Jim Goodnight, CEO of SAS, the North Carolina-based business analytics software company, follows a seemingly simple philosophy: Treat employees like they’re making a difference, and they will. Google brings the same intellectual prowess and zeal to its workplace programs that it uses to create computer eyeglasses.
Regardless of the type of business, the process to creating a happy work environment starts with some fundamentals:
- Make wise choices in hiring.
- Clearly communicate your company’s reason for being and its cultural goals.
- Nurture civility.
- Encourage innovative thinking.
- Recognize the positive.
- Find out what is important to the people around you, and how that may differ from one to the next.
- Determine what perks are important to whom.
- Share the gain as well as the pain.
- Don’t micromanage every move in the house.
- Look people in the eye.
- Mean what you say, and vice versa.
Despite mounting evidence that happiness in the workplace leads to increased productivity and profitability, Nelson says mainstream acceptance of those facts is occurring at a glacial pace.
“We are still at what I call the 10% level,” she says. “Those who get it, really get it.
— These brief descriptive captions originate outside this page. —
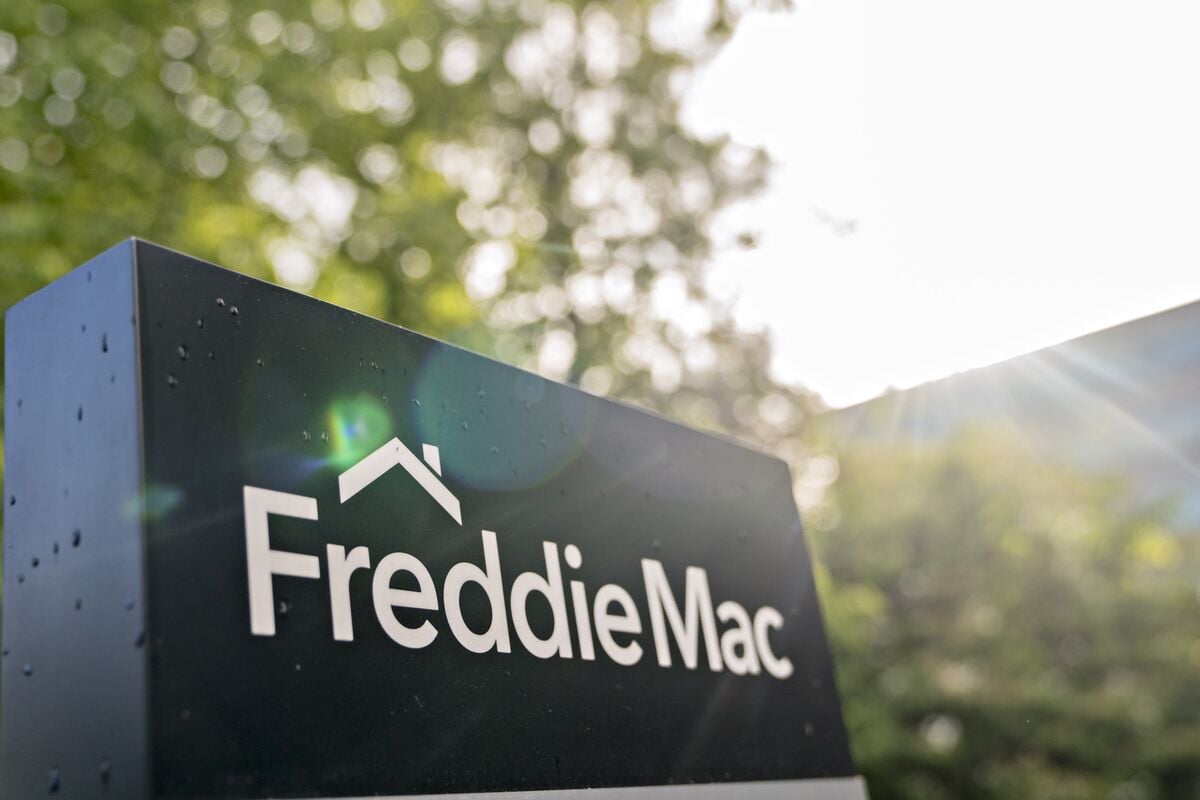 Ackman calls Fannie and Freddie 'stupidly cheap', sees 10x return potential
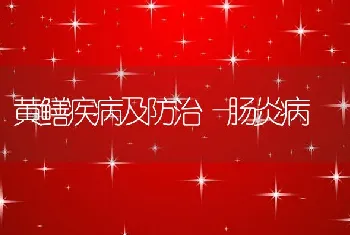 黄鳝疾病及防治―肠炎病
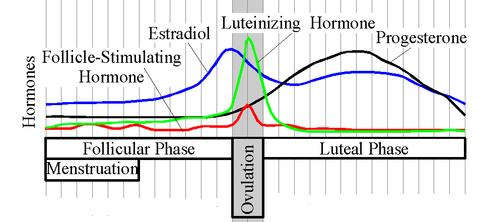 Estrogen dominance occurs in the first half of your menstrual cycle - usually Day 1 to 14 on a 28-day cycle.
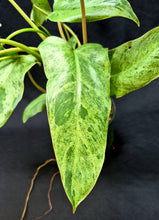 Load image into Gallery viewer, Philodendron 'Painted Lady'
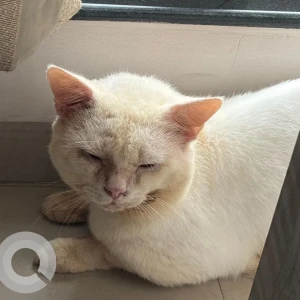 A White-Brown Mix Persian Dog Found from Malad West, Mumbai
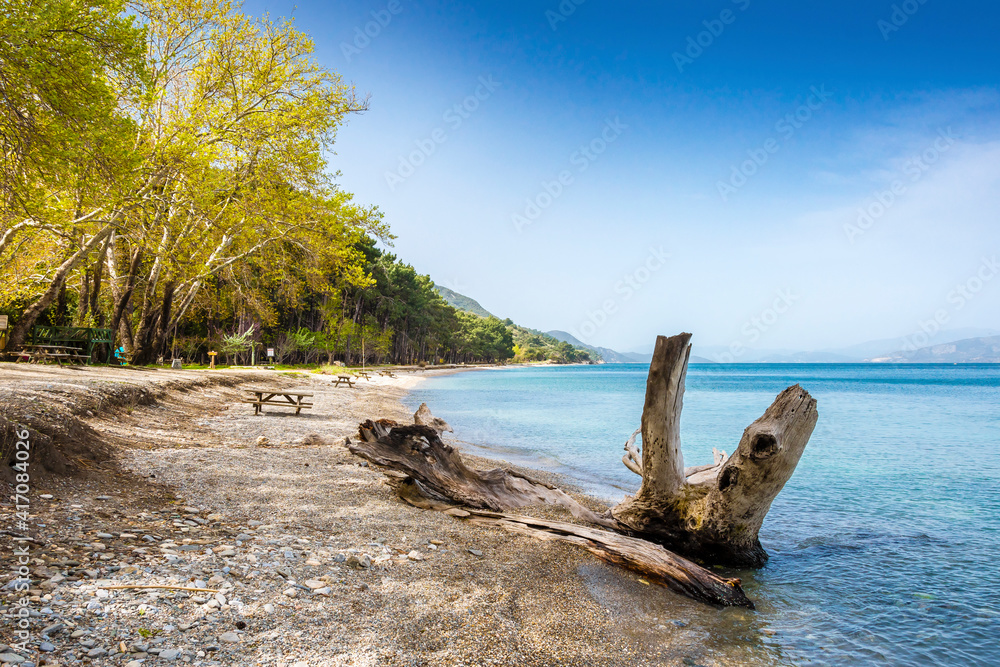 Dilek Peninsula National Park in Kusadasi Town of Turkey. Dilek Peninsula National Park in Kusadasi Town of Turkey.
They understand that it’s about paying attention to what matters to employees that’s the secret, if you will, to happiness in the workplace.”
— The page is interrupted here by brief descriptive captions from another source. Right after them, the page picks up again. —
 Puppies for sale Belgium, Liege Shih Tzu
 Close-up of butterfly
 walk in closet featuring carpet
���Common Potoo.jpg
Nelson explains that a 2004 Labor Department study really drove home a critical issue she had observed in her practice. The study reported the No. 1 reason people quit their jobs was because they felt unappreciated.
In her experiences as a trial consultant in civil cases, “over time, I realized that for the vast majority of lawsuits that I worked, somebody was not feeling appreciated and that’s why they sued,” she says. “And it sounds very simplistic, but I guarantee you that whether it was a software developer that felt he got eaten up by the big guys or a wrongful termination case, it was amazing how over and over and over again, it was simply lack of appreciation—meaning that somebody felt that they were taken for granted or worse: disrespected, dismissed, devalued.”
Those courtroom experiences launched Nelson into an exploration of workplace practices. In her ensuing research, Nelson, who has never worked for a corporation, got to see the flip side—what it is like in a company where “the employees are valued, where the clients and customers and vendors are appreciated overtly, where what matters to them matters to the company,” she says. “And the difference is astounding.”
An evolving terminology
Employee “happiness” wasn’t part of Peter Drucker’s lexicon. Certainly, the concept was not on the list of critical concerns in 1939 when he began writing the first of his 39 books that eventually led to him being known as the “father of modern management.” Drucker did, however, put great currency in listening, asking questions and letting natural patterns emerge from the answers.
“Months before his death in 2005, he told me that happiness was too big of a word, but that people who were satisfied and contented tended to, as he put it, ‘live in more than one world,’” says Bruce Rosenstein, who published his second Drucker-inspired book, Create Your Future the Peter Drucker Way, in 2013.
Among Drucker’s key concepts and touchstones were meaning, purpose, accomplishment and achievement, Rosenstein notes. “He believed that developing and nurturing a sense of responsibility and accountability brought success for individuals and organizations.”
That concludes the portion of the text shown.